Re^2: Filtering passwords from the output of a script
by ikegami (Patriarch) on Nov 29, 2006 at 06:38 UTC
    Three issues:
    • It is word-buffered. It will only output when whitespace is received.
    • It won't always work if the password has a space in it.
    • I imagine that reading a byte at a time (when more than a byte is available) is much slower than reading a chunk of bytes.
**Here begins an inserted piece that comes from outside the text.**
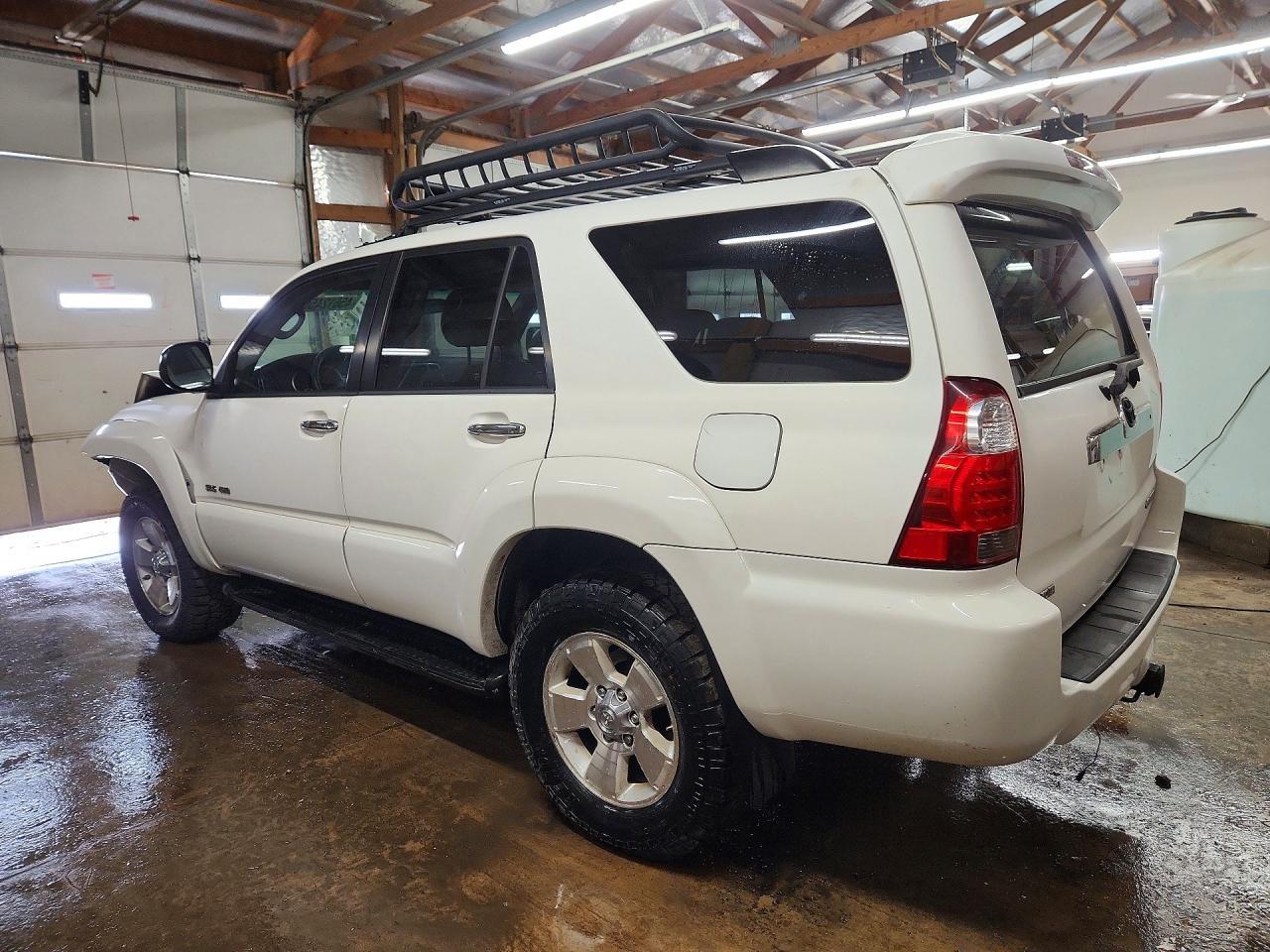 2006 Toyota 4Runner Sr5 - Фото 2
    See Re^3: Filtering passwords from the output of a script.

    By the way, binmode might be required. I remember having problems when attempting to read characters (as opposed to bytes) using sysread, but the details escape me.

      Good points, although /\s/ actually also matches newline and carriage return. As a sheer stroke of fortune, in my current application a restriction against using spaces or non-ASCII characters in passwords is appropriate. Also, I don't have to worry too much about efficiency, my logs only arrive at a few hundred bytes per second typically. Thanks again!